In a 1031 exchange, “boot” refers to any property or cash that is received in addition to the like-kind property being exchanged. Boot is considered a taxable event and is subject to capital gains taxes.

For example, if an investor sells a rental property for $300,000 and uses $290,000 of the proceeds to purchase a new rental property, the remaining $10,000 would be considered boot and would be subject to capital gains taxes.

This goes to say, any amount of money withdrawn from the trust account held with your QI is considered realized capital gains and will be taxed as such.

In order to avoid or minimize the amount of boot received in a 1031 exchange, investors can structure the exchange in a way that the values of the properties being exchanged are as close to equal as possible. Additionally, investors can use cash or debt to pay for any remaining difference, rather than receiving cash as boot.

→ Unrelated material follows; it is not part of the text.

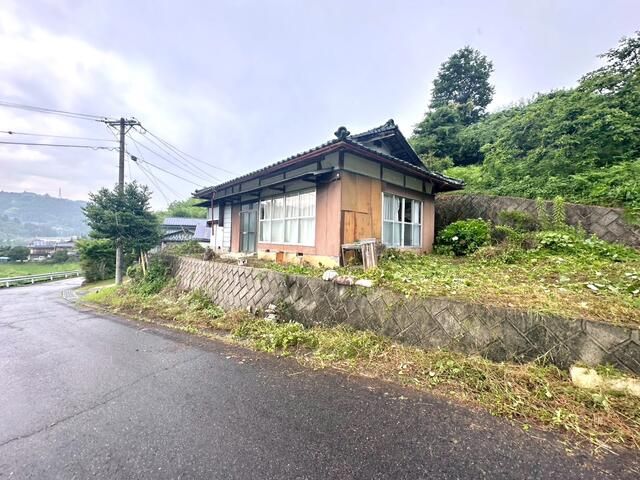 Used 4DK House for Sale in Yasuoka Village, Nagano - Image 1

The Benefits of a Forward Exchange

There are several benefits to using a forward 1031 exchange, including the ability to defer capital gains taxes, the ability to leverage equity from the relinquished property to purchase a more expensive replacement property, and the ability to diversify one’s investment portfolio. However, it is important to carefully plan and execute a forward 1031 exchange to ensure that it meets the requirements of the Internal Revenue Code and to avoid potential tax pitfalls.

To qualify for a forward 1031 exchange, the investor must meet certain requirements, including:

  1. The relinquished and replacement properties must be held for investment or use in a trade or business.
  2. The properties must be of “like-kind,” which means that they must be similar in nature or character, even if they are not the same in type or quality.
    • An investor must not be too concerned with like-kind in real property, as most investment property will qualify as like-kind. If you want to know if you qualify, call us today!
  3. The investor must engage the services of a qualified intermediary to hold the proceeds from the sale of the relinquished property until they are reinvested into the replacement property.
  4. The exchange must be completed within the required time frame (45 & 180 Day timeline).

By following these guidelines, investors can take advantage of the benefits of a forward 1031 exchange and defer capital gains taxes on the sale of investment property.